DATA EXCERPTS:

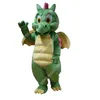 Performance Green Dinosaur Mascot Costume Halloween Fancy Party Dress Cartoon Character Outfit Suit Carnival Adults Storlek Födelsedag utomhusdräkt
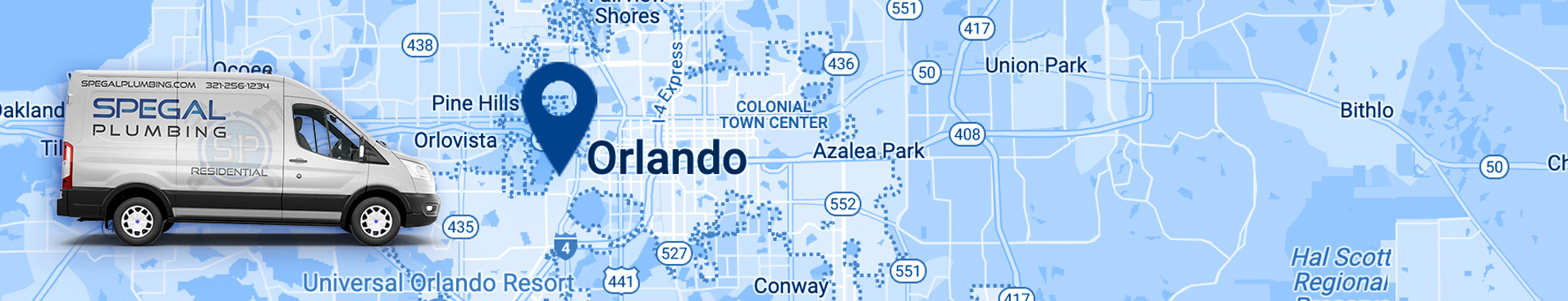 orlando pumbling company, service car with logo of Spegal Plumbing, and map pinpointing Orlando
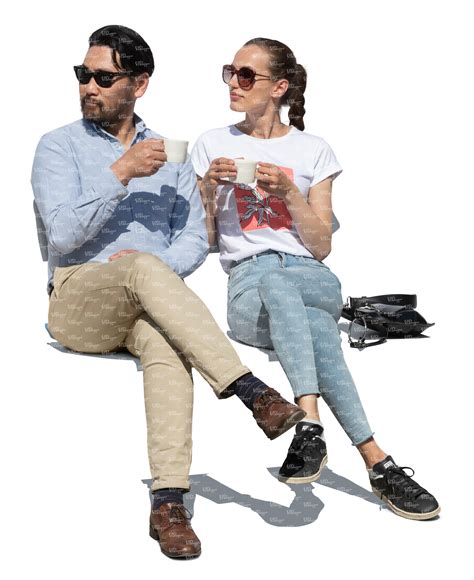 Cut Out Man And Woman Sitting And Drinking Coffee Vishopper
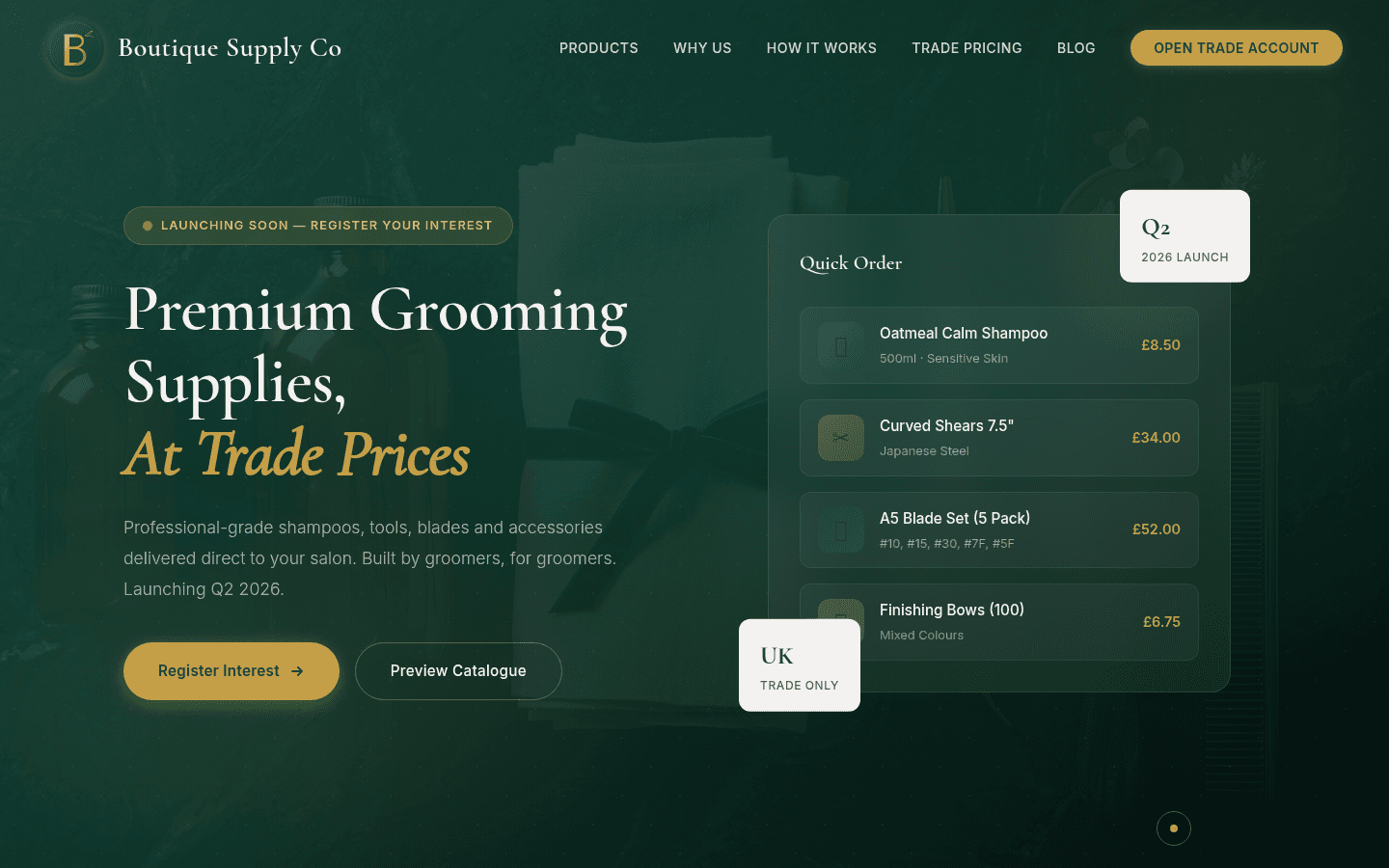 Boutique Supply Co — premium wholesale grooming products website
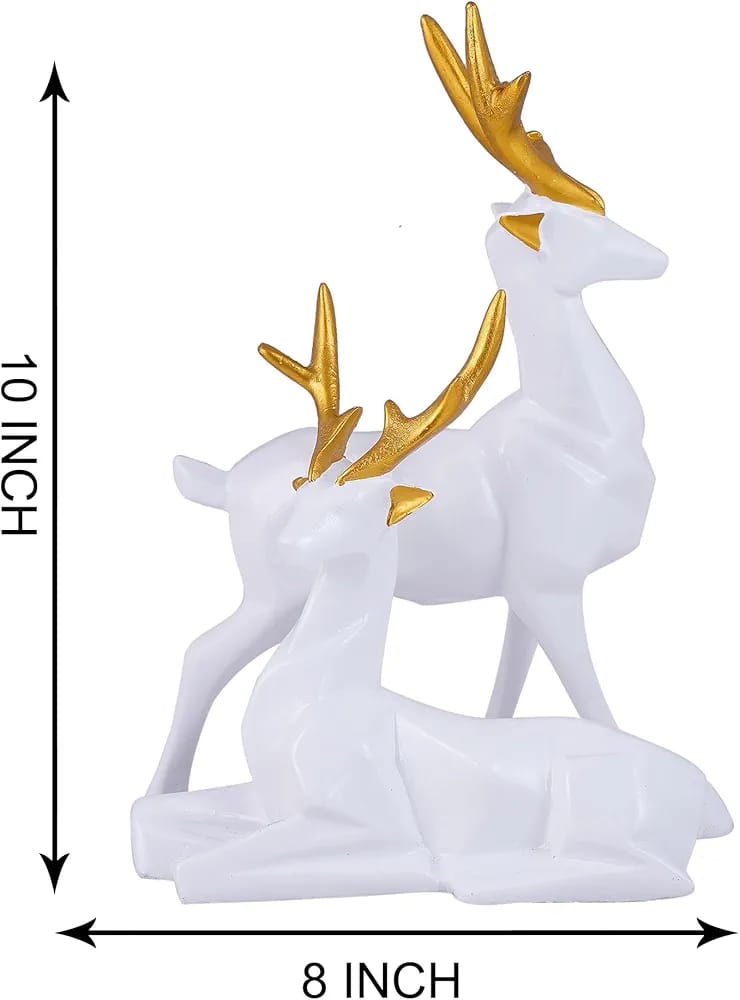 White Deer/Hiran Showpiece Couple Resin Deers Statue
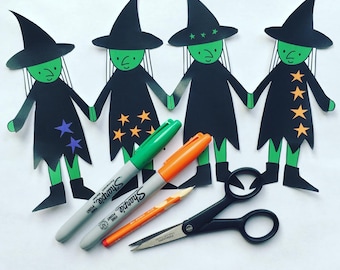 Printable WITCHES Paper Dolls chain Template. PAPER DOLLIES, Kids crafts. Halloween. Witch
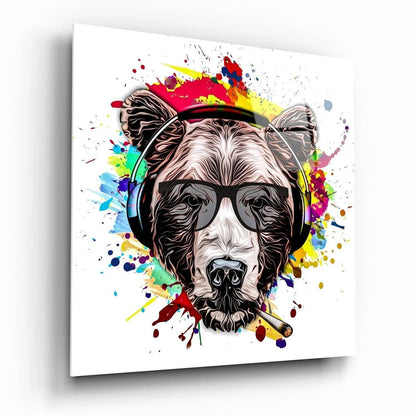 Bear Glass Wall Art - LUXARTDECO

WHAT IS NEEDED: Please repeat, exactly as written, the lines in the records above, starting with the one that has "orlando pumbling company, service" and going on through the one that has "Boutique Supply Co". Pictures are to be left out.

REPLY TO THE TASK:
 orlando pumbling company, service car with logo of Spegal Plumbing, and map pinpointing Orlando
 Cut Out Man And Woman Sitting And Drinking Coffee Vishopper
 Boutique Supply Co — premium wholesale grooming products website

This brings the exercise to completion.